Each time the memory buffer reaches the spill threshold, a new spill file is created, so after the map task has written its last output record, there could be several spill files. Before the task is finished, the spill files are merged into a single partitioned and sorted output file. The configuration property io.sort.factor controls the maximum number of streams to merge at once; the default is 10.
If there are at least three spill files (set by the min.num.spills.for.combine property), the combiner is run again before the output file is written. Recall that combiners may be run repeatedly over th einput without affecting the final result. If there are only one or two spills, the potential reduction in map output size is not worth the overhead in invoking the combiner, so it is not run again for this map output.So combiner is run during merge spilled file.
So it seems the answer is:
Map -> Partitioner -> Sort -> Combiner -> Spill -> Combiner(if spills>=3) -> Merge.
However, in Apache Tutorial there are below words:
The Mapper outputs are sorted and then partitioned per Reducer.
The content is different from The definitive guide. The answer here seems to be:
Map -> Sort -> Combiner -> Partitioner -> Spill -> Combiner(if spills>=3) -> Merge.
Which one is correct? I lean to accept the later one in Apache Tutorial, but not quite sure.
Partitioner
runs before Combiner
: MapReduce Comprehensive Diagram.
You can have custom partition logic, and after mapper results are partitioned, the partitions are sorted and Combiner
is applied to the sorted partitions.
See Hadoop MapReduce Comprehensive Description.

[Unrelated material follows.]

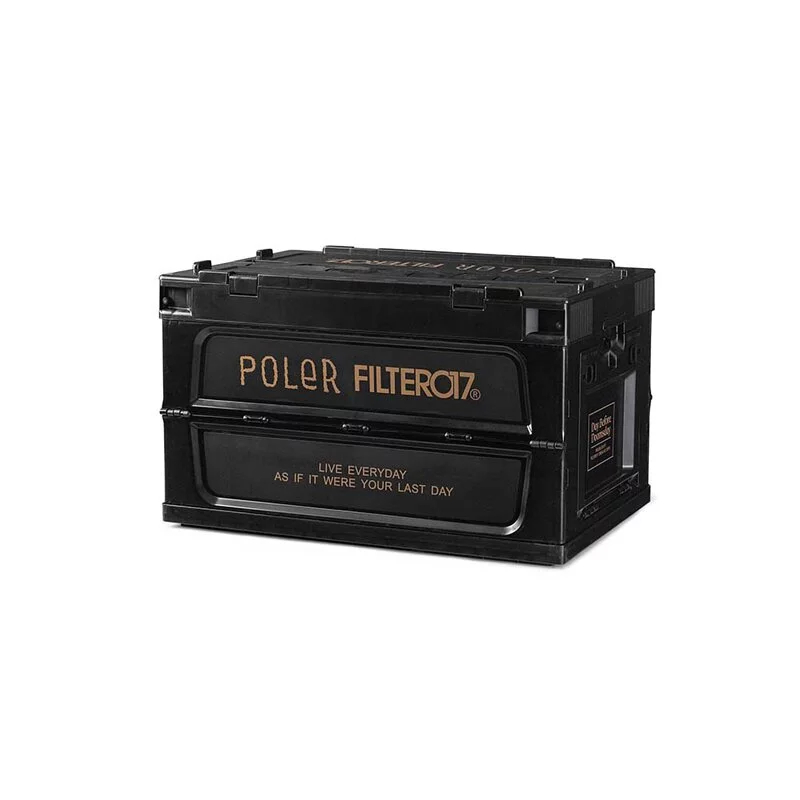 【現貨✨24H出貨】雙側開摺疊收納箱-黑色-65L (Filter017 X POLeR) 整理箱 露營收納箱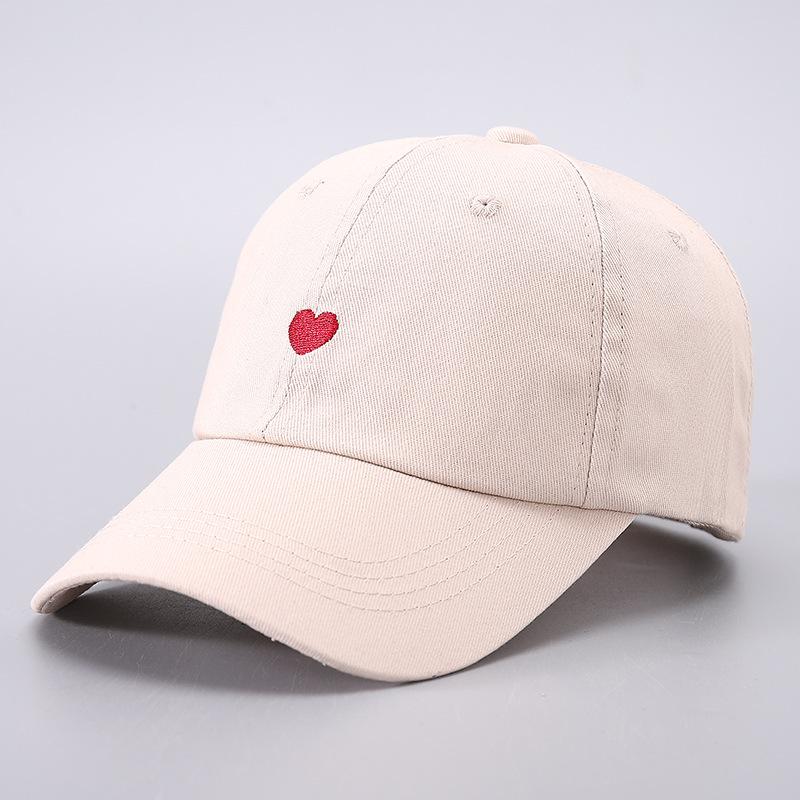 Fashionable and Versatile Embroidered Small Heart Hollow Top Baseball Cap Simple and Fresh Outdoor Casual Duckbill Cap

I checked it by running a word-count program with custom Combiner
and Partitioner
with timestamps logging:
Apr 23, 2018 2:41:22 PM mapreduce.WordCountPartitioner getPartition
INFO: Partitioner: 1524483682580 : hello : 1
Apr 23, 2018 2:41:22 PM mapreduce.WordCountPartitioner getPartition
INFO: Partitioner: 1524483682582 : hello : 1
Apr 23, 2018 2:41:22 PM mapreduce.WordCountPartitioner getPartition
INFO: Partitioner: 1524483682583 : hello : 1
Apr 23, 2018 2:41:22 PM mapreduce.WordCountPartitioner getPartition
INFO: Partitioner: 1524483682583 : world : 1
Apr 23, 2018 2:41:22 PM mapreduce.WordCountPartitioner getPartition
INFO: Partitioner: 1524483682584 : world : 1
Apr 23, 2018 2:41:22 PM mapreduce.WordCountPartitioner getPartition
INFO: Partitioner: 1524483682585 : hello : 1
Apr 23, 2018 2:41:22 PM mapreduce.WordCountPartitioner getPartition
INFO: Partitioner: 1524483682585 : world : 1
18/04/23 14:41:22 INFO mapred.LocalJobRunner:
18/04/23 14:41:22 INFO mapred.MapTask: Starting flush of map output
18/04/23 14:41:22 INFO mapred.MapTask: Spilling map output
18/04/23 14:41:22 INFO mapred.MapTask: bufstart = 0; bufend = 107; bufvoid = 104857600
18/04/23 14:41:22 INFO mapred.MapTask: kvstart = 26214396(104857584); kvend = 26214368(104857472); length = 29/6553600
Apr 23, 2018 2:41:22 PM mapreduce.WordCountCombiner reduce
INFO: Combiner: 1524483682614 : hello
Apr 23, 2018 2:41:22 PM mapreduce.WordCountCombiner reduce
INFO: Combiner: 1524483682615 : world
Partition comes first.
According to "Hadoop, the definitive guide", output of Mapper first writen to memory buffer, then spilled to local dir when buffer is about to overflow. The spilling data is parted according to Partitioner, and in each partition the result is sorted and combined if Combiner given.
You can simply modify the wordcount MR program to verify it. My result is: ("the quick brown fox jumped over a lazy dog")
Word, Step, Time
fox, Mapper, **********754
fox, Partitioner, **********754
fox, Combiner, **********850
fox, Reducer, **********904
Obviously, Combiner runs after Partitioner.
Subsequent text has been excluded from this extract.